Stored data entries:

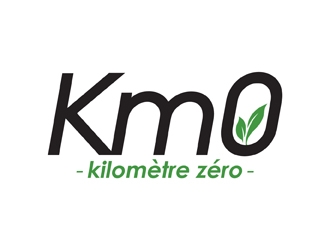 Km 0        Kilomètre zéro logo design by neonlamp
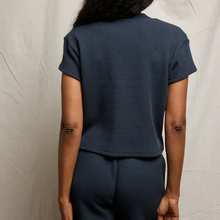 Load image into Gallery viewer, Jada Waffle Vneck Tee
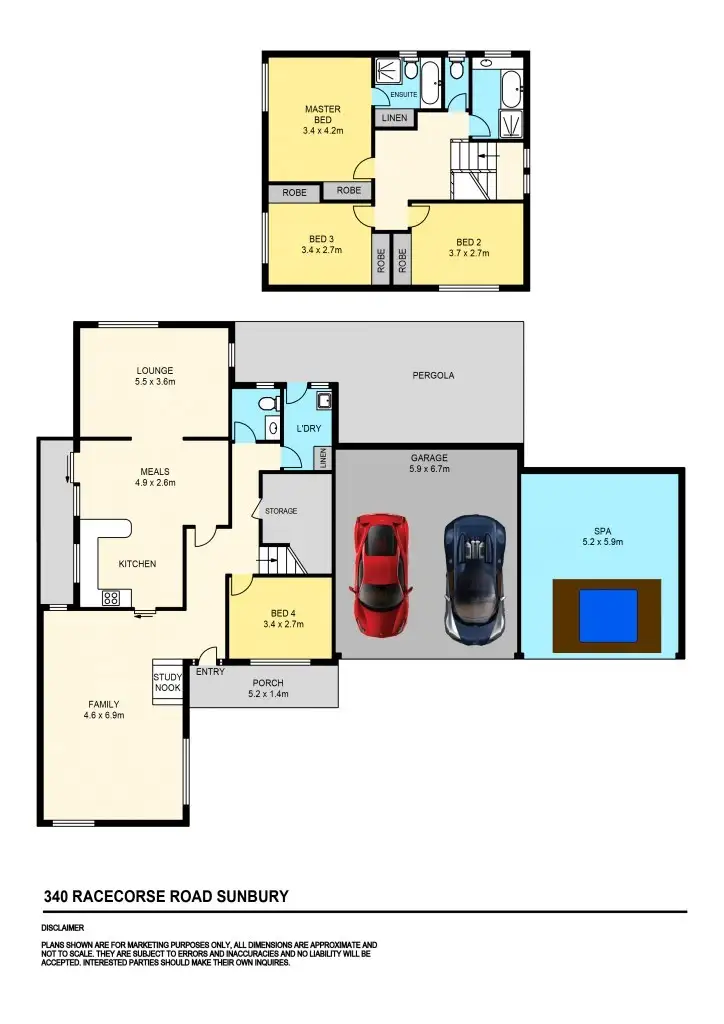 Floorplan of Homely house listing, 340 Racecourse Road, Sunbury VIC 3429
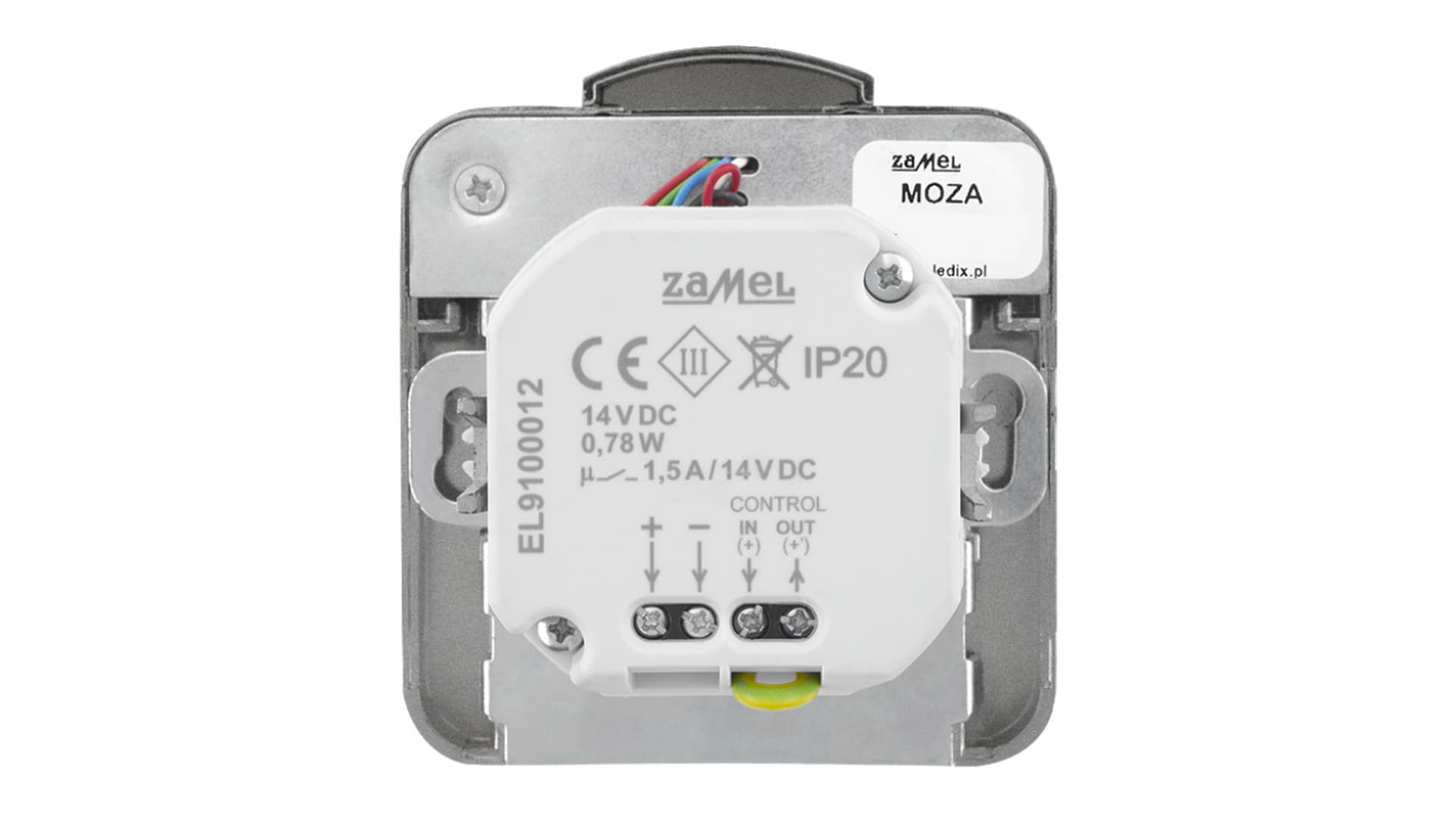 

Oprawa LED Moza PT 14V DC regulowany czujnik GRF biała ciepła LED10121632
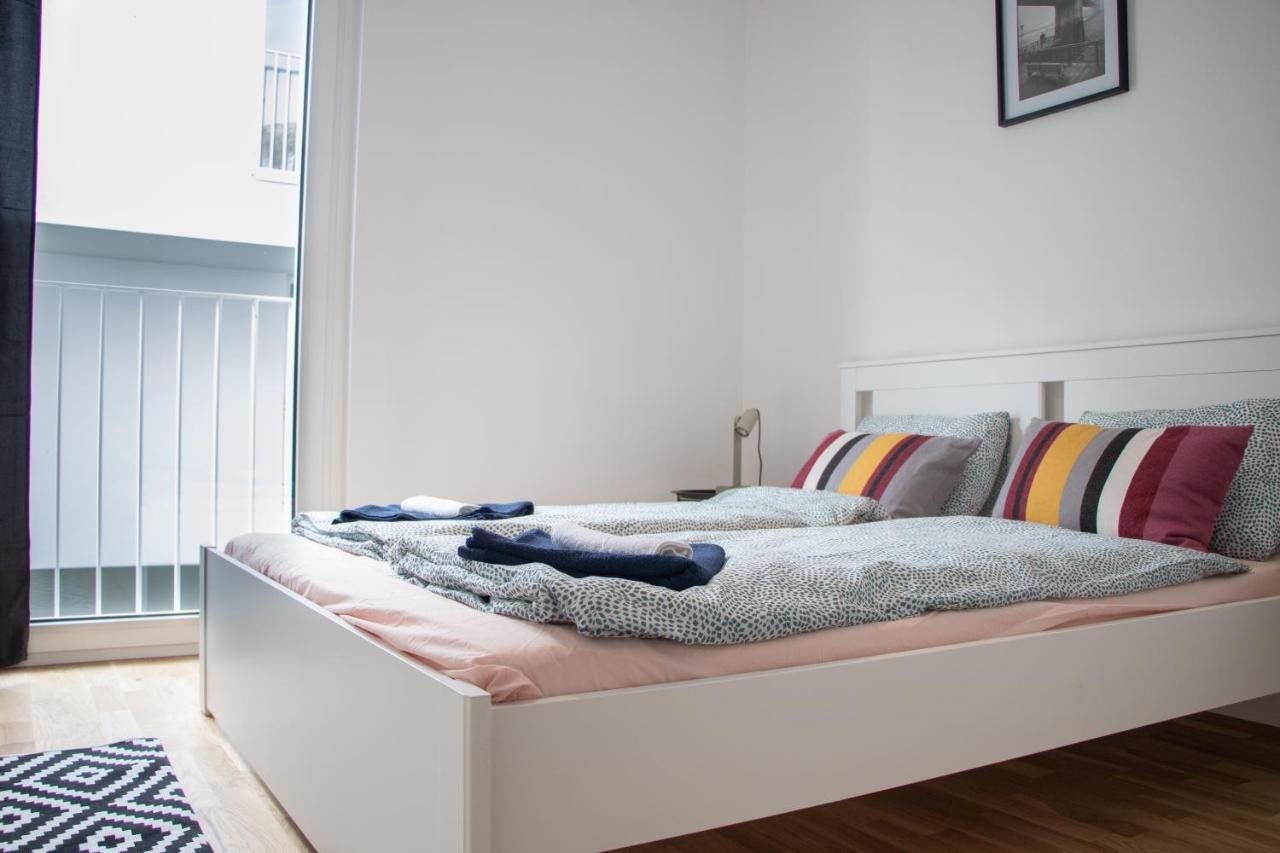 Flat2Go Modern Apartments - Harmony Of City And Nature Wien Exteriör bild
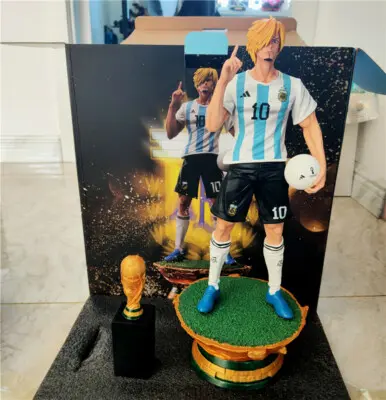 One piece Vinsmoke Sanji 36 cm Cosplay Soccer Star Figure Messi 10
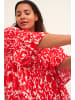 KAFFE curve Kleid KCella A-shape in Red Flower Print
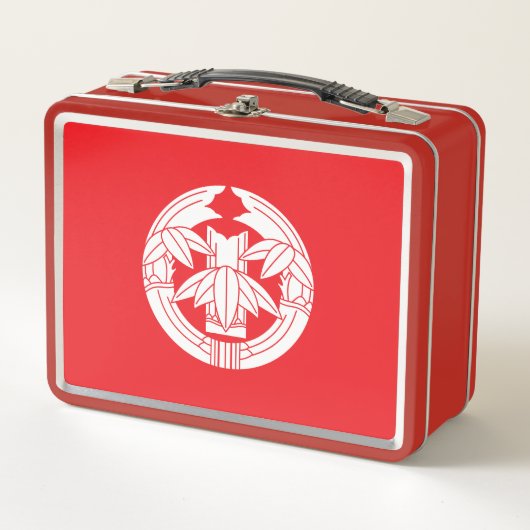 Cut bamboo in embracing bamboo leaves metall brotdose (Vorderseite)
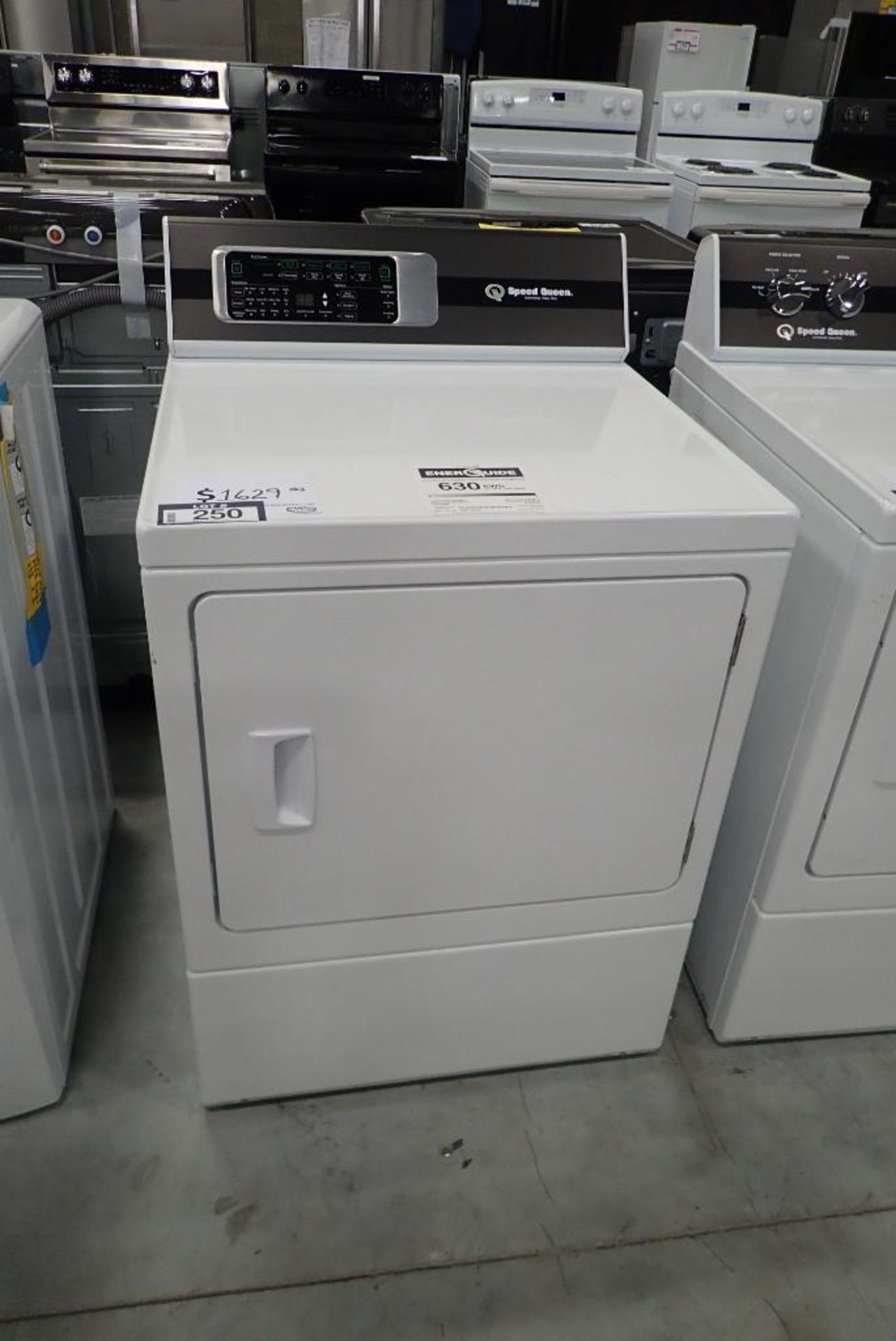 Speed Queen Commercial Heavy Duty ADE4BRGS175CW01 Front Load Electric Dryer.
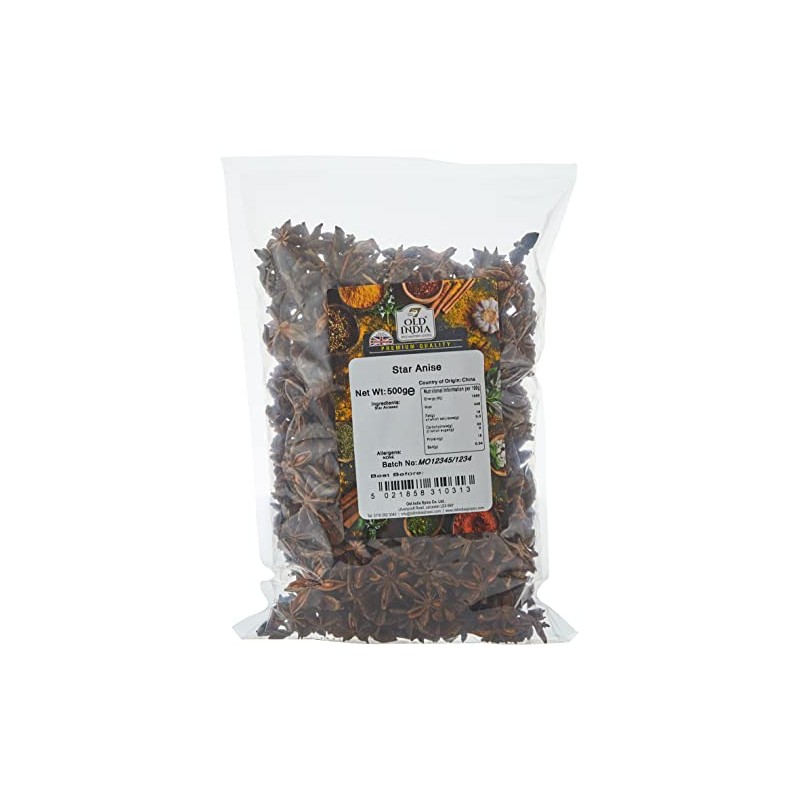 Old India Star Anise 500g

Directions for this task: Word for word, restate the lines above from the first through the one that contains "KAFFE curve Kleid", and exclude all pictures.

Solution for this exercise:
 Km 0        Kilomètre zéro logo design by neonlamp
 Load image into Gallery viewer, Jada Waffle Vneck Tee
 Floorplan of Homely house listing, 340 Racecourse Road, Sunbury VIC 3429

Oprawa LED Moza PT 14V DC regulowany czujnik GRF biała ciepła LED10121632
 Flat2Go Modern Apartments - Harmony Of City And Nature Wien Exteriör bild
 One piece Vinsmoke Sanji 36 cm Cosplay Soccer Star Figure Messi 10
 KAFFE curve Kleid KCella A-shape in Red Flower Print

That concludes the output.